The synthesis and investigation of the reversible conversion of layered ZrS2 and ZrS3

Abstract

Metal sulfides, particularly zirconium sulfides, have been successfully synthesized from elemental zirconium and sulfur by a so-called diffusion method. The method allows one to control the morphology and phases of zirconium sulfides via tuning the reaction temperature and sulfur vapor pressure. At 550 °C and 650 °C, ZrS₃ nanobelts with a width from 90 to 160 nm and a thickness of about 26 ± 8 nm and 6 ± 2 μm in length were experimentally synthesized. Wider (from 90 to 743 nm) and longer (19.7 ± 3.4 μm) ZrS₃ nanobelts can be obtained by increasing the sulfur vapor pressure.

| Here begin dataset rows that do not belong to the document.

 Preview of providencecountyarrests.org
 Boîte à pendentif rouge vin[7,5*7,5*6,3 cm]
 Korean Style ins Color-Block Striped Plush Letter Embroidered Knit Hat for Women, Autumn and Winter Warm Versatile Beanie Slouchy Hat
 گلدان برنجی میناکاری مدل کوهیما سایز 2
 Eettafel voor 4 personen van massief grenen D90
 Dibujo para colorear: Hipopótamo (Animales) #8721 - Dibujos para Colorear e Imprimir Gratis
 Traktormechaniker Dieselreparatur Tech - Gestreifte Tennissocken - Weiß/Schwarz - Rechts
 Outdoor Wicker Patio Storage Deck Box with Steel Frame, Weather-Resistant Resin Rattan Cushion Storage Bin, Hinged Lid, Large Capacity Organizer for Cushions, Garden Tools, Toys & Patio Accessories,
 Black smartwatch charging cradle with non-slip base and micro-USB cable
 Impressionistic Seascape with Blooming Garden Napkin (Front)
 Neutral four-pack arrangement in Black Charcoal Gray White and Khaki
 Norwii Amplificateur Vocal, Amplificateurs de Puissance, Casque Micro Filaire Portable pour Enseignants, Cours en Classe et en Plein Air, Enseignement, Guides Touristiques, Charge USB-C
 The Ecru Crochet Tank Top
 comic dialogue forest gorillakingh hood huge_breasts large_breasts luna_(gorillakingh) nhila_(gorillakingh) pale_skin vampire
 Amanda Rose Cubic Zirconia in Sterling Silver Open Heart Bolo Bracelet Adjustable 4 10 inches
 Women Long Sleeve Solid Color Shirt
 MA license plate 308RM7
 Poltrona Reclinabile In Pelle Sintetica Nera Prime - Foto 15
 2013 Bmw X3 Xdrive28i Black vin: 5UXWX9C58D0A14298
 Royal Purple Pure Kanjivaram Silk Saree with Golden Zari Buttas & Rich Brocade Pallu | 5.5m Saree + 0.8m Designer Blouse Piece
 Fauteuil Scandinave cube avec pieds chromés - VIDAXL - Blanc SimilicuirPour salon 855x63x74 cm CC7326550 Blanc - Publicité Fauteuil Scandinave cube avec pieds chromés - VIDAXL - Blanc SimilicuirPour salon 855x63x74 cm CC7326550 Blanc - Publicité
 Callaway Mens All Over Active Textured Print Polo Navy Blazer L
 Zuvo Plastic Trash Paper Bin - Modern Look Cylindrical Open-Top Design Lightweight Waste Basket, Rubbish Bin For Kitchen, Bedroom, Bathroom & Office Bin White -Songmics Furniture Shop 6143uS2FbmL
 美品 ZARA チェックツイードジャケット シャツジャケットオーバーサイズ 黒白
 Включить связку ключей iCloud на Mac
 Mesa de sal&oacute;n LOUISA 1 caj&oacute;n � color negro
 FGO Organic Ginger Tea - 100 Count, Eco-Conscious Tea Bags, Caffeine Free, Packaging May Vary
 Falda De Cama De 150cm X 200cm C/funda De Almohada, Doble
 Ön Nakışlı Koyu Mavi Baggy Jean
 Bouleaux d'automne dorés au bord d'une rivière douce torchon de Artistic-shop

Meanwhile, flake-like ZrS₂ particles were produced at 750 °C. Experimental observation revealed that the liquid–solid mechanism, in combination with sulfur intercalation, is likely a major mechanism that is responsible for the formation of ZrS₃ nanobelts. The reversible conversion between ZrS₃ and ZrS₂ has been observed for the first time by thermal decomposition of ZrS₃ at 650 °C and sulfurization of ZrS₂ in sulfur vapor at 550 °C. This result suggests a potential application of ZrS₂ in the H₂S splitting process for H₂ recovery.